A moins de cent jours du premier tour de l'élection présidentielle, il a critiqué le candidat socialiste qui avait samedi matin estimé que "c'est une politique qui a été dégradée, pas la France".
              
"La France est un pays sûr, un pays dans lequel les investisseurs ont confiance et peuvent avoir confiance.
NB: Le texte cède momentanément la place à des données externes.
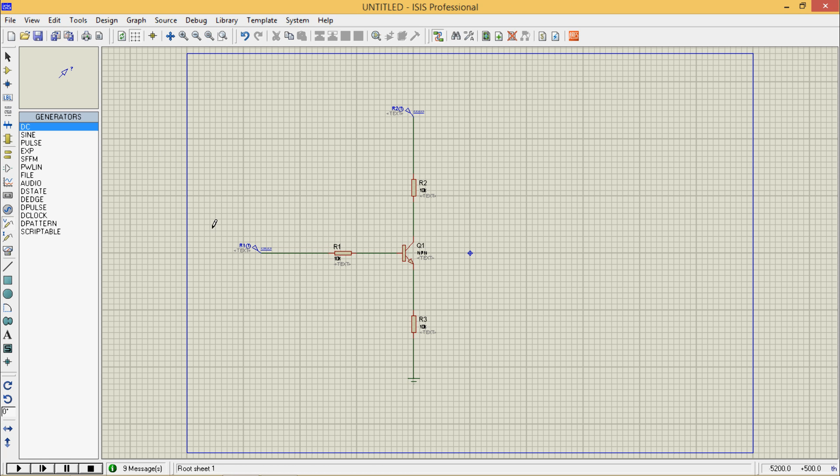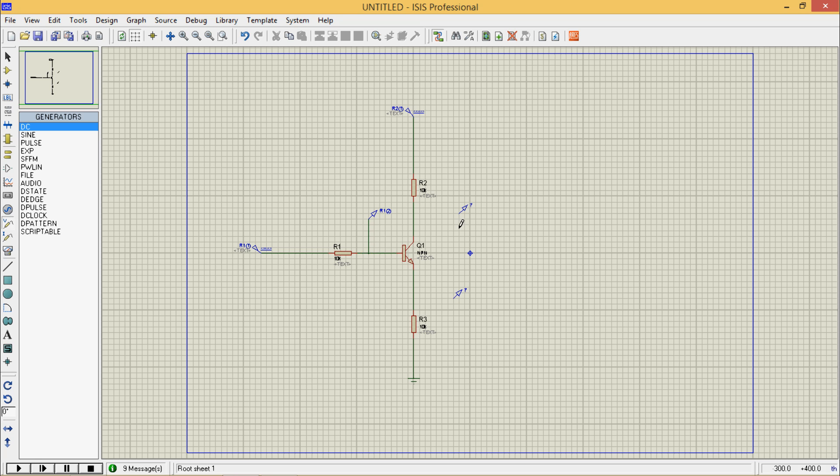I will need voltage probes to calculate voltages. Let three be this way, so that we will calculate the voltages at emitter, collector and base.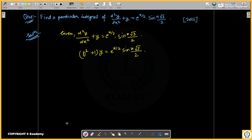Hello, welcome to Extraordinary Redefining Equation. This is the lecture series of PYQ. The question is: find the particular integral of d²y/dx² + y = e^(x) · y² · sin(x) · root(3)/2.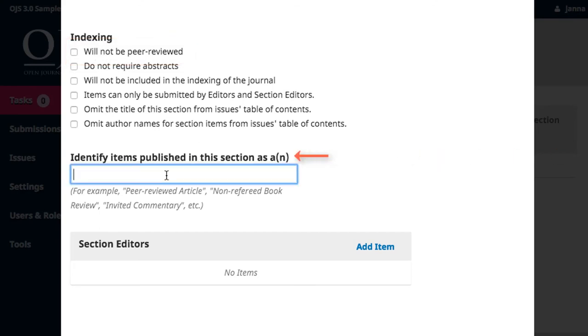The identify items box allows you to apply descriptive keywords to your section, which helps with search engine indexing.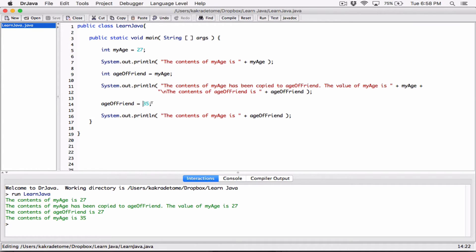We changed the value of 'age_of_friend' from 27 to 35. Anytime you do this, you are replacing what used to be stored in 'age_of_friend'. It used to store 27, and now we changed it to 35. The previous value has been kicked out and 35 is what's stored in 'age_of_friend'. Variables can only store one value, so when you assign a different value, it gets replaced.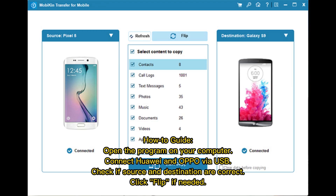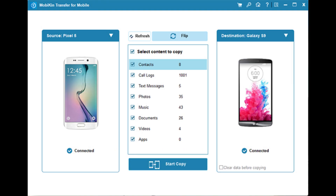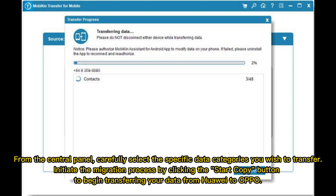How-to guide: Open the program on your computer, connect Huawei and Oppo via USB, check if source and destination are correct, and click flip if needed. From the central panel, carefully select the specific data categories you wish to transfer, then initiate the migration process by clicking the Start Copy button to begin transferring your data from Huawei to Oppo.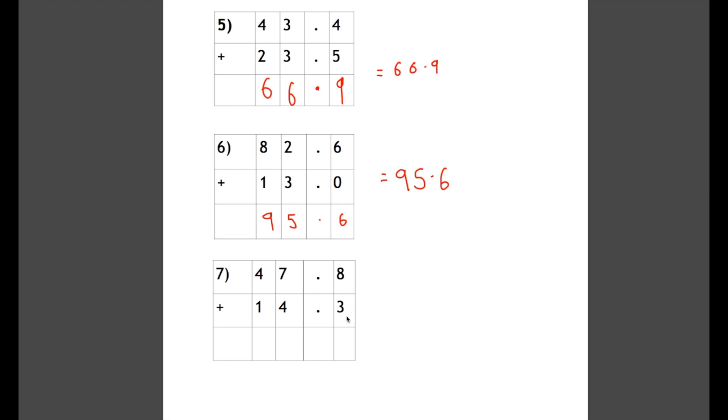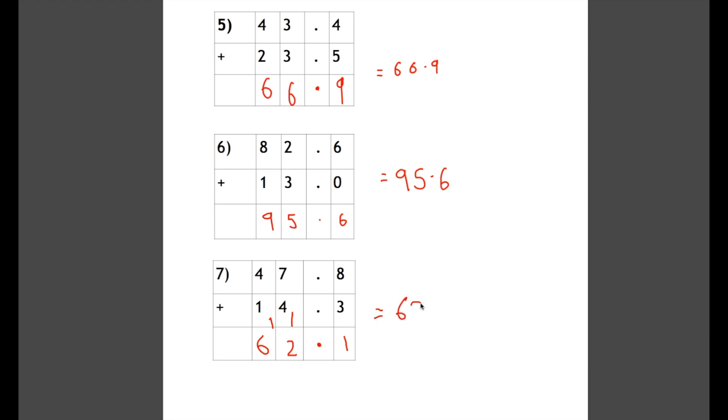So starting here: 8 plus 3 is 11. The 1 of the 11 goes in there and the tens goes in this column here. Nothing gets put in this column other than the decimal point. Now we move on to this column: 7 plus 4 plus the one we've carried is 12, so the 2 of the 12 goes in there and the 10 gets carried. 4 plus 1 plus 1 is 6, so our answer is 62.1.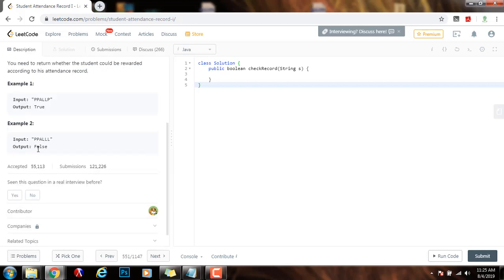In example 2, the method returns false because as you can see there are more than two L's.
Les agences de notation sont des baromètres utiles mais ce ne sont pas elles qui font la politique de la France", a relevé M. Fillon
              
"François Hollande a particulièrement tort de prétendre que c'est notre politique qui est sanctionnée", a-t-il ajouté.


              
Selon lui, "ceux qui dramatisent la situation doivent y réfléchir à deux fois: ce sont en effet les mêmes qui ont refusé de voter les réformes destinées à renforcer notre compétitivité ou à réduire les déficits, que ce soit la réduction des effectifs dans la fonction publique ou la réforme des retraites".
              
Interrogé sur la phrase prêtée dans la presse à Nicolas Sarkozy (en cas de perte du triple A, "je suis mort"), M. Fillon a assuré ne pas avoir "entendu le président de la République prononcer une phrase pareille". "Ce n'est d'ailleurs pas dans sa nature d'être dans un pessimisme aussi noir", a-t-il expliqué.
              
Le Premier ministre a expliqué la dégradation de la note de la France par la "dérive de nos finances publiques depuis 30 ans" et par "les insuffisances de la gouvernance" de la zone euro.
              
Il a pointé le fait que l'agence de notation jugeait "crédible" la "stratégie de réduction du déficit et de la dette" du gouvernement, avec pour objectif "intangible" le retour à l'équilibre des finances en 2016.
              
M. Fillon, qui a présenté deux plans d'économies depuis août, a indiqué que des "ajustements" étaient toujours possibles en fonction de la croissance dans les prochains mois.
              
Mais "depuis le début de cette crise, avec le président de la République, nous avons cherché en permanence à trouver l'équilibre entre la nécessité de réduire les déficits et l'impératif de ne pas casser la faible croissance qui caractérise déjà la situation dans la zone euro", a-t-il souligné.
              
Le sommet sur la crise organisé mercredi à l'Elysée doit, selon M. Fillon, permettre d'engager "une nouvelle étape au service de la compétitivité et de la croissance".
              
"Je ne crois pas que cette décision (celle de S&P, ndlr) changera quoi que ce soit à la relation entre la France et l'Allemagne", a-t-il aussi assuré.